[Information provided — start]

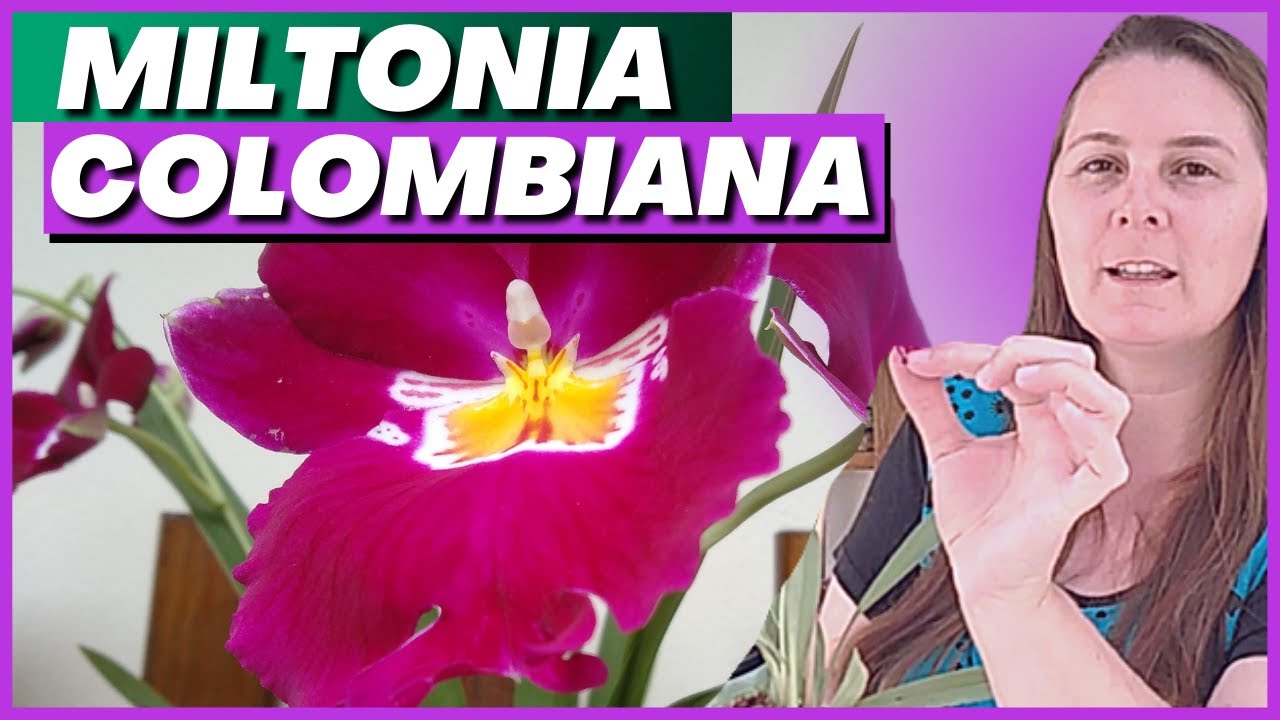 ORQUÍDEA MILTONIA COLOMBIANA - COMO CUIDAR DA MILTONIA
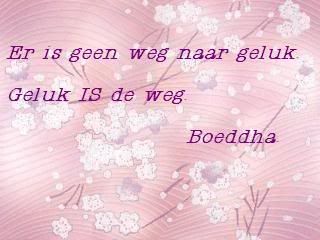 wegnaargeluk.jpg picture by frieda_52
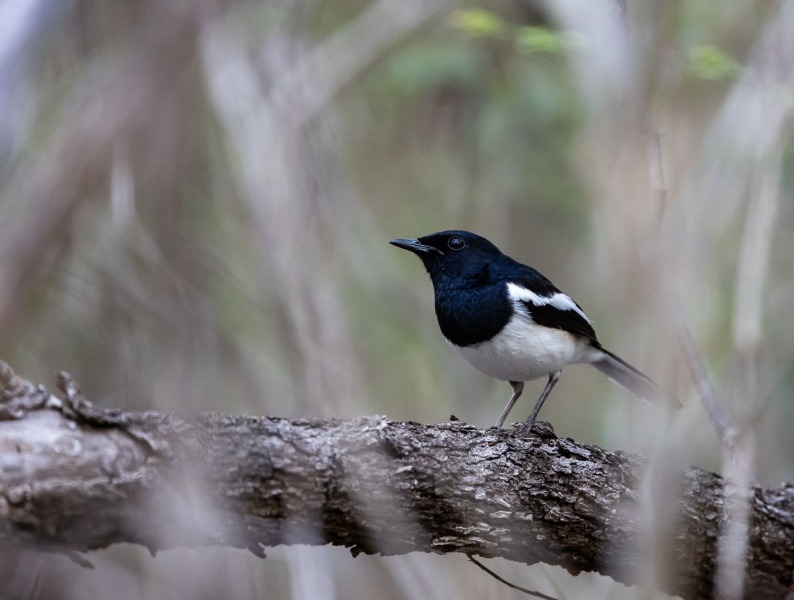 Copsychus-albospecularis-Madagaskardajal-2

[Information provided — finish]

■ What to do:
Every line above should be returned exactly; the pictures stay out.

■ Result for this task:
 ORQUÍDEA MILTONIA COLOMBIANA - COMO CUIDAR DA MILTONIA
 wegnaargeluk.jpg picture by frieda_52
 Copsychus-albospecularis-Madagaskardajal-2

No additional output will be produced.